● About this task
Starting at the line that contains "Halloween l - Teddy Keyring - white", write out each line exactly through the last one in the material below, and nothing more; omit all pictures.

● Given information
>>
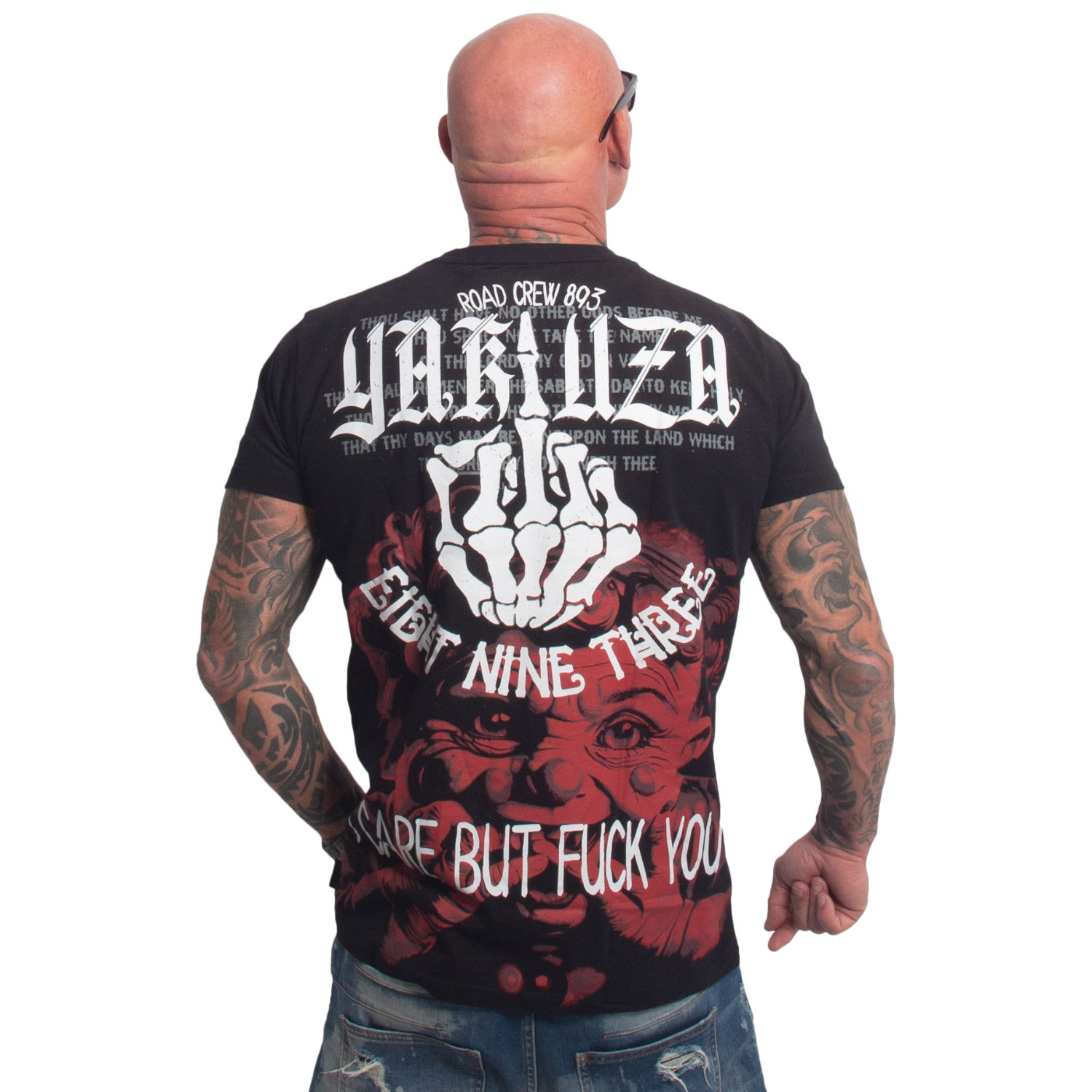 Pánské triko Yakuza Care Regular 27002 black Velikost: M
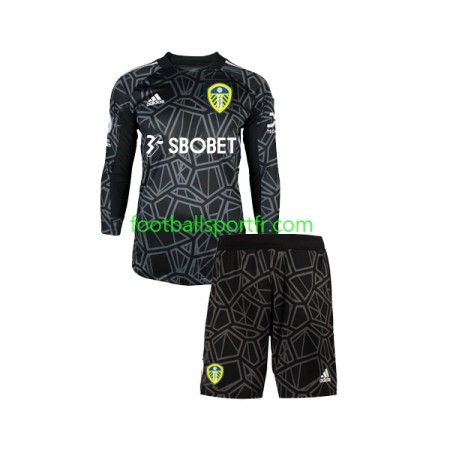 Tenue Leeds United Gardien Enfant Domicile 2022-2023 Maillot de Foot ML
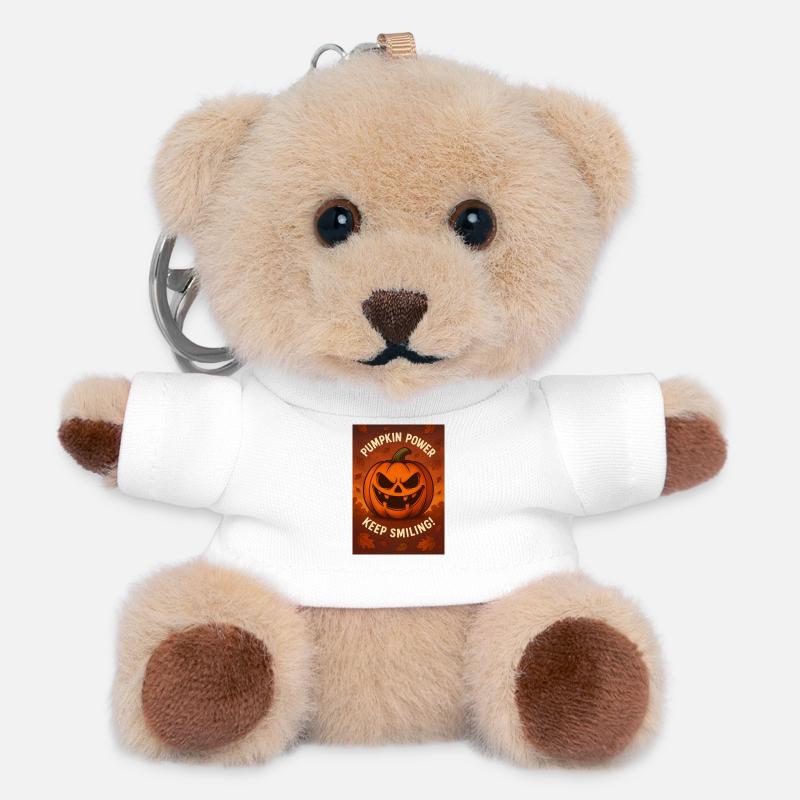 Halloween l - Teddy Keyring - white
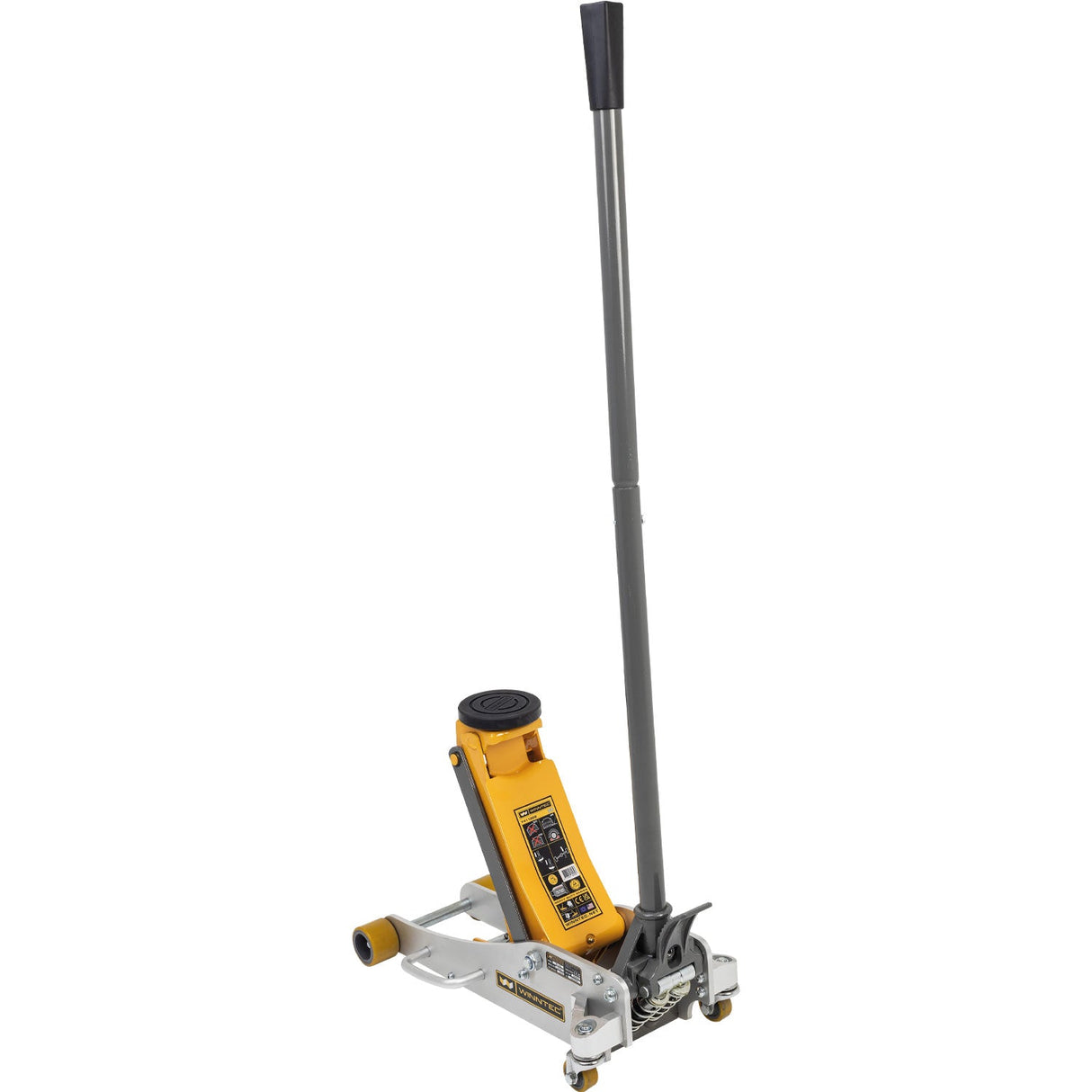 WINNTEC® 2 Ton Aluminium / Steel Turbo Lifter Trolley Jack - SIP-09707 - WINNTEC - Trade Counter Direct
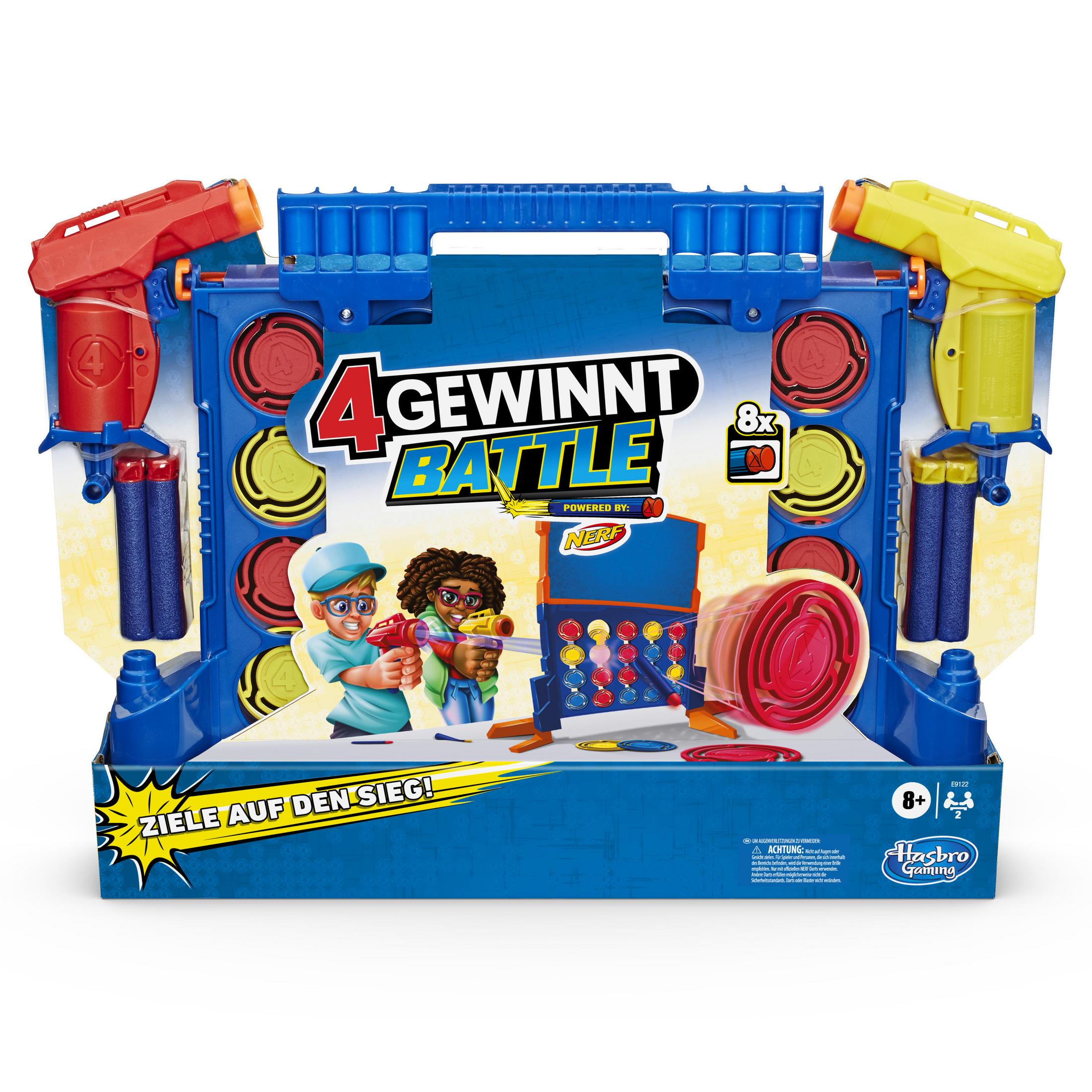 BATTLE 4 GEWINNT GAMING HASBRO Kinderspiel E9122100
<<
● Completed task
 Halloween l - Teddy Keyring - white
 WINNTEC® 2 Ton Aluminium / Steel Turbo Lifter Trolley Jack - SIP-09707 - WINNTEC - Trade Counter Direct
 BATTLE 4 GEWINNT GAMING HASBRO Kinderspiel E9122100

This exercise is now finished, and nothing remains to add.